解説で、日下三蔵氏は、「ここに来て新作と旧作の刊行が相次いでいるのは、時代が皆川博子に追いついてきたからだ」と書いているが、ここで一足先に皆川熱にとりつかれた身としては少し歯がゆい気持ちになる。この素晴らしい幻想短編たちがこうやって広く紹介されることによって、まだ受け入れ態勢も整っていない素養のない読者の目にとまり、意味もわからず貶されることになるのではないか。でも、こうやって皆川博子の作品が多くの読者に読まれるようになったからこそ、入手困難だった「冬の雅歌」や「夏至祭の果て」や「海と十字架」や「炎のように鳥のように」が読めるようになったのだし、やはりこれは喜ぶべきことなのだ、と無理やり自分を納得させている。

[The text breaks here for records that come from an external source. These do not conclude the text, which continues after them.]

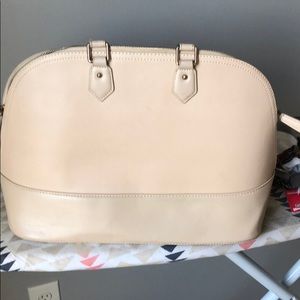Top handle tote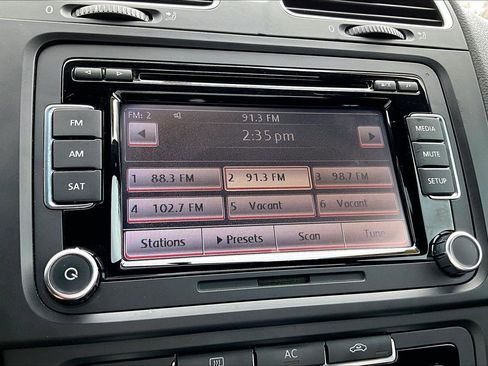 Used 2010 Volkswagen GTI 2-Door image 14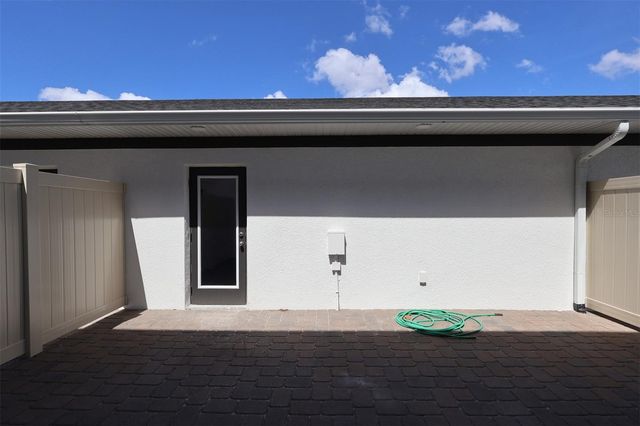 5240 CENTER LAKE RANCH BOULEVARD, St Cloud, FL 34771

わかる人だけがわかればいい。だから皆川博子は宝物なのだ。
彼女はずっと世間が真っ当な評価をくださなかったばっかりに、背を向けて自分の好きな世界、自分の偏愛する世界を描いてきた。ときには迫害も受けたし、広く受け入れられることもなかった。それでも、彼女は自分を信じて、自分の愛する世界を自分の言葉で自分の筆で描いてきたのだ。それがようやく、世間に受け入れられるようになってきた。
本当は喜ぶべきことなのだが、ぼくは素直に喜んではいない。複雑な心境だ。
とまれ、本書はそんな彼女の真骨頂なのである。本書の中では「墓標」の鬼気迫るラストに心底ビビった。幻想物としては「陽はまた昇る」「釘屋敷/水屋敷」「夕陽が沈む」「更紗眼鏡」が特に良かった。
やはり皆川先生にはこの路線でがんばってもらいたいと思うのだ。
だって上記に紹介したように、こんな作品を書いて驚かせてくれる作家なんて、いまの日本には一人もいないのだから。